Wednesday 17 January, 2018
Game Log 1, Part 2 - 1979 Revolution: Black Friday
If I had to describe playing this game in one word, it would be intense. I picked up where I left off last play session – in the streets during a massive demonstration – and continued to wander around and take photographs. Like last time, I read every snippet of history I could find, and tried to interact with everything I could. At this point, the tone of the game had switched from dark and terrifying to bright and energetic, with upbeat music and commentary from the protagonist’s friend. It stayed that way until I finally reached the front of the protests, at which point the army came in and grabbed the main speaker. Another friend of the protagonist threw rocks at the soldiers, then someone chucked an explosive, and from there it all went nuts.
After running for my life and nearly losing my camera, I had to pull shards of glass out of a man’s head and bandage him up, and then grab any evidence that he had been there, since it turned out he was the speaker that nearly got hauled away. The game then cut back to the interrogation room the story started in, which I had mixed feelings about.

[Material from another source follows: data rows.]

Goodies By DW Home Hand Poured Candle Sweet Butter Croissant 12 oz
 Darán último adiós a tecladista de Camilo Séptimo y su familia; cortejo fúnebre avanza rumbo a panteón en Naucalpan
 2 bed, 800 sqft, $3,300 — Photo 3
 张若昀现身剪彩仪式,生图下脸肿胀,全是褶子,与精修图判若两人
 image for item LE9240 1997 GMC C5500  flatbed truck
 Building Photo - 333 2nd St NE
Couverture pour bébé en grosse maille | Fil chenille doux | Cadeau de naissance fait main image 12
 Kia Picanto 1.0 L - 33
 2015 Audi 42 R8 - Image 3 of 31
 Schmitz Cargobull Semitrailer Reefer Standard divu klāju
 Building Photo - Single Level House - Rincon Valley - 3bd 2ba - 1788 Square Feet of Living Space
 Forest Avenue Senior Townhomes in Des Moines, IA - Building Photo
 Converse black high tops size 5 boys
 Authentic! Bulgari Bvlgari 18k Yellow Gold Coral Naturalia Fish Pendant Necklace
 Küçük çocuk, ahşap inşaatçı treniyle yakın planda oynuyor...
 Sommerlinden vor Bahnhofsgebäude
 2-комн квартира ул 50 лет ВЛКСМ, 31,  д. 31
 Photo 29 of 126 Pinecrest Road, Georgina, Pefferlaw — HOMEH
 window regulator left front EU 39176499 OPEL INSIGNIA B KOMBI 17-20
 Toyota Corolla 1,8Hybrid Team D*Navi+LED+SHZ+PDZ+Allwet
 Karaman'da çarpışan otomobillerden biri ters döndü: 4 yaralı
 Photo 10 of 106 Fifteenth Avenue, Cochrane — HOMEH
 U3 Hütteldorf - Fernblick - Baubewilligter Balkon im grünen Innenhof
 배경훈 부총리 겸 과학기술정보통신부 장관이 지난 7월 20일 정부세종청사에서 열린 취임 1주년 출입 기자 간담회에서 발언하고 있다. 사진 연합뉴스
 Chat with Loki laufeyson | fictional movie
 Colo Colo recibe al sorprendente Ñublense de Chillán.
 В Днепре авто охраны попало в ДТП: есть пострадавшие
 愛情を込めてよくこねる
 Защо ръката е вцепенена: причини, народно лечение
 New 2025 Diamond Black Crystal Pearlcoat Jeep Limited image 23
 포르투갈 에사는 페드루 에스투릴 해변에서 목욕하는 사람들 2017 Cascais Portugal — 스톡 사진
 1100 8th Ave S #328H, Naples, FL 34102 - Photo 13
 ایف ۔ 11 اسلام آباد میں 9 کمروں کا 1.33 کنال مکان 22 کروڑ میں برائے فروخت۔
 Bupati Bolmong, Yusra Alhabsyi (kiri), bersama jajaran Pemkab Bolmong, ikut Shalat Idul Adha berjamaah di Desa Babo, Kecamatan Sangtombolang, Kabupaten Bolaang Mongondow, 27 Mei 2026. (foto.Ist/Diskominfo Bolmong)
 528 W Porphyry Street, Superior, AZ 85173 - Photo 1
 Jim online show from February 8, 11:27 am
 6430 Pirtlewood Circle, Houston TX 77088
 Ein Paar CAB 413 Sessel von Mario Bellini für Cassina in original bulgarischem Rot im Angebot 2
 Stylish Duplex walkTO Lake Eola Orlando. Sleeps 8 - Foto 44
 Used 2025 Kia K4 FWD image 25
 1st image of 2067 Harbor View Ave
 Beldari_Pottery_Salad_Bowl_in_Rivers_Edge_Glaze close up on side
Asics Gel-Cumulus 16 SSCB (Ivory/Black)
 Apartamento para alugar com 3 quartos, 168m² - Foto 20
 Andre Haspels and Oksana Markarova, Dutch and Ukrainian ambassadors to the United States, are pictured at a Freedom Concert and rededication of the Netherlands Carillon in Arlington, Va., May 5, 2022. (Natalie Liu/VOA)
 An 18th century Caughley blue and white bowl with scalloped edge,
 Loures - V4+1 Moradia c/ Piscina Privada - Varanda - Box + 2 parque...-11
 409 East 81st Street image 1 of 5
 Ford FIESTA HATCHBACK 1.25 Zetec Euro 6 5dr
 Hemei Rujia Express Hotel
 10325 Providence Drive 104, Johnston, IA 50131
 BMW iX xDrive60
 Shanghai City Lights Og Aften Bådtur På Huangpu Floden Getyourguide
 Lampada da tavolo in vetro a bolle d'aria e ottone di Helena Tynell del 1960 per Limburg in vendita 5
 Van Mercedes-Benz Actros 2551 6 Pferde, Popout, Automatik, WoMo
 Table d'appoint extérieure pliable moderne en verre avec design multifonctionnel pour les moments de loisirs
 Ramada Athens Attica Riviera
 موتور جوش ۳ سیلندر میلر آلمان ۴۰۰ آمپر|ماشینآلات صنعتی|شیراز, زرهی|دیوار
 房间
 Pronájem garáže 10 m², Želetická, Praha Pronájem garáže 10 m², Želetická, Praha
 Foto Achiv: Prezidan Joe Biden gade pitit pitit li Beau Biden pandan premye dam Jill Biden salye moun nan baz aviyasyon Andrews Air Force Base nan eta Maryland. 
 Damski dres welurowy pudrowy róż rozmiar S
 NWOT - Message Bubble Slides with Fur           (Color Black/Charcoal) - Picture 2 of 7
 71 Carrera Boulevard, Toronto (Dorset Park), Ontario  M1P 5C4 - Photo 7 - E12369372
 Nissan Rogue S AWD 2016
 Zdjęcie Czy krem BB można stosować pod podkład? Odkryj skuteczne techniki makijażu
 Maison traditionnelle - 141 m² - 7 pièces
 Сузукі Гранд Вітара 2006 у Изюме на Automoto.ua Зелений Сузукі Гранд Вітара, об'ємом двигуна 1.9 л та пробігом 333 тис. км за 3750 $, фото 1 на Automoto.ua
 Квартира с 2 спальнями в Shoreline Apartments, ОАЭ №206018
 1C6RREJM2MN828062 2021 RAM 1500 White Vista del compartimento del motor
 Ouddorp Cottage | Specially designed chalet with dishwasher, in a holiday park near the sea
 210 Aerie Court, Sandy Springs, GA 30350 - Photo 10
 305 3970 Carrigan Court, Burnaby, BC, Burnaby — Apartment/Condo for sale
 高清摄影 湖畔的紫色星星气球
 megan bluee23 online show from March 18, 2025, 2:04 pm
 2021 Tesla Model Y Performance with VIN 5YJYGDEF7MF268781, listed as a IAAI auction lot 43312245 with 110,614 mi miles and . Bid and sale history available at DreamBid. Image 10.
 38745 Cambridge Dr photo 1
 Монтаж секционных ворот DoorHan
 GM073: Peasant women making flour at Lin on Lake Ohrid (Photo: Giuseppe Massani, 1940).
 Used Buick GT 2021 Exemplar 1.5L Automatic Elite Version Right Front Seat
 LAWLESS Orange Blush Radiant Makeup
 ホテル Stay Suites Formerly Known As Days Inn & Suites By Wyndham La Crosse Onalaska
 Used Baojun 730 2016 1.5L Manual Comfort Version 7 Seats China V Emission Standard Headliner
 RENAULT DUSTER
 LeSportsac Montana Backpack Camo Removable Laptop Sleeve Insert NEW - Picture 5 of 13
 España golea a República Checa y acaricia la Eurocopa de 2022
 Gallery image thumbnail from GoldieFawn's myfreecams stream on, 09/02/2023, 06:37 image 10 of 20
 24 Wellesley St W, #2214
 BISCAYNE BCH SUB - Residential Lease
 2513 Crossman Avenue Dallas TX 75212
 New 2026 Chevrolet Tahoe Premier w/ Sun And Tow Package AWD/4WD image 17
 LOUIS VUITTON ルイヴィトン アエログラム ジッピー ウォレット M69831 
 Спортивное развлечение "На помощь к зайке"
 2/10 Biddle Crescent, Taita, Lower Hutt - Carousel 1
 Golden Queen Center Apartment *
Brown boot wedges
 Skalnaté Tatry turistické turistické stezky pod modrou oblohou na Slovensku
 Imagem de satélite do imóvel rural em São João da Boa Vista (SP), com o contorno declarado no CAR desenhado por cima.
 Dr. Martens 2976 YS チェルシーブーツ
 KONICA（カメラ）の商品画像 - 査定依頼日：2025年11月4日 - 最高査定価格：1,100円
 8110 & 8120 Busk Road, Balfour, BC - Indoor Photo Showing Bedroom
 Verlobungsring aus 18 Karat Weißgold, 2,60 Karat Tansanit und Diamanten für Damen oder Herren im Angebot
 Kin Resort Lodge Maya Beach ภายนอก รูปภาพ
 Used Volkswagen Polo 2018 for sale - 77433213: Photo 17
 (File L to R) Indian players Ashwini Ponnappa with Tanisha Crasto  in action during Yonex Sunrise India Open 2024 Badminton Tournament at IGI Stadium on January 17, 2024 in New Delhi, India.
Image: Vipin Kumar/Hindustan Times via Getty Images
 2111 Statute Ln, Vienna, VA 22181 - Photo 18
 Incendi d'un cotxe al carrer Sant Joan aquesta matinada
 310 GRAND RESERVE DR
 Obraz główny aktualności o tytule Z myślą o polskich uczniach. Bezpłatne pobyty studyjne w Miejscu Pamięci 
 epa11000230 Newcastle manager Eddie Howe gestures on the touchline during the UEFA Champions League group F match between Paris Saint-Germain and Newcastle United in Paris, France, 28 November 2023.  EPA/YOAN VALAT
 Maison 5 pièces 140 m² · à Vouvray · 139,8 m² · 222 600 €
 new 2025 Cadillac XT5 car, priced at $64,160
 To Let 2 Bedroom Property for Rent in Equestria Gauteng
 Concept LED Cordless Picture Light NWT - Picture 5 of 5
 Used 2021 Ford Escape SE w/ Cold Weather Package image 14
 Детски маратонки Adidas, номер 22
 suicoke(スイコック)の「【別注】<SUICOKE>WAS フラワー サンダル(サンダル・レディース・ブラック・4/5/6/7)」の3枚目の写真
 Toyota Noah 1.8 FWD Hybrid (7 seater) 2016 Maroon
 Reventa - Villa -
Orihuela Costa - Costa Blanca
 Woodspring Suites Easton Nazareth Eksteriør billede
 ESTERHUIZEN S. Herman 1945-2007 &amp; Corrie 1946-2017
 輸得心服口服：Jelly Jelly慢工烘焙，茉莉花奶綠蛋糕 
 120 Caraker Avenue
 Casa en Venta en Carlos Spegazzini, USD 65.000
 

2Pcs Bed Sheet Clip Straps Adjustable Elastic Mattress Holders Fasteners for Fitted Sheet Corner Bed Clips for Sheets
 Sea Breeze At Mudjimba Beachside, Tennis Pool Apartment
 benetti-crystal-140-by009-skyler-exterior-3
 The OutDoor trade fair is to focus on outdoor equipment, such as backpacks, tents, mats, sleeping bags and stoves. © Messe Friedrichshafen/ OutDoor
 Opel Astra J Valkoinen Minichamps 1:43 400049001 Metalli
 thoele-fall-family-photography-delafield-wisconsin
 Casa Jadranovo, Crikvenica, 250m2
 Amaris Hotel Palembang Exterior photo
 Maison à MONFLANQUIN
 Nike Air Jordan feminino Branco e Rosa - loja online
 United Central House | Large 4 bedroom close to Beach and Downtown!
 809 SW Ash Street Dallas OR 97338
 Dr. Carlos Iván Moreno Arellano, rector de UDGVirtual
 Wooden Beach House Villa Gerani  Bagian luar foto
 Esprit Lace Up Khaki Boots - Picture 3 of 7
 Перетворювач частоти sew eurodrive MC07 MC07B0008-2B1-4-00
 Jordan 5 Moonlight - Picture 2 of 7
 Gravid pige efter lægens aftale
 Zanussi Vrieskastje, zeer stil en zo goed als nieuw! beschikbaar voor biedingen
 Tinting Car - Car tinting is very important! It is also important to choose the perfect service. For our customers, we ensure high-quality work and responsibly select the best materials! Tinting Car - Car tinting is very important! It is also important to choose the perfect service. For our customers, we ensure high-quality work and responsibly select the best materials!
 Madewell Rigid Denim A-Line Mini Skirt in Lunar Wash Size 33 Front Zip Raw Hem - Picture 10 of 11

I was glad it happened in a narrative sense, since it made the first scene there make more sense – they needed to establish the place so they could go back there throughout the story – but the scene and choices that followed were rough. I had to pick between spilling all the secrets to the interrogator, or watching my character’s brother get tortured as he begged me to cooperate. The choices were timed, and the timer ran out as I freaked out over which one to pick.
As the scene went on, I started to notice something strange about the interrogator. The “learn more” button said that he is based off of a real person, but the way his actions in the game fit so perfectly with the narrative made him feel less than real. An archetype, in a way. I have to wonder if this might be a danger of converting history into a structured narrative – it removes it from real life enough that it doesn’t feel real. Though doing this might help people become emotionally invested, and thus able to remember facts more easily, does it diminish the sense that the things depicted more or less really happened?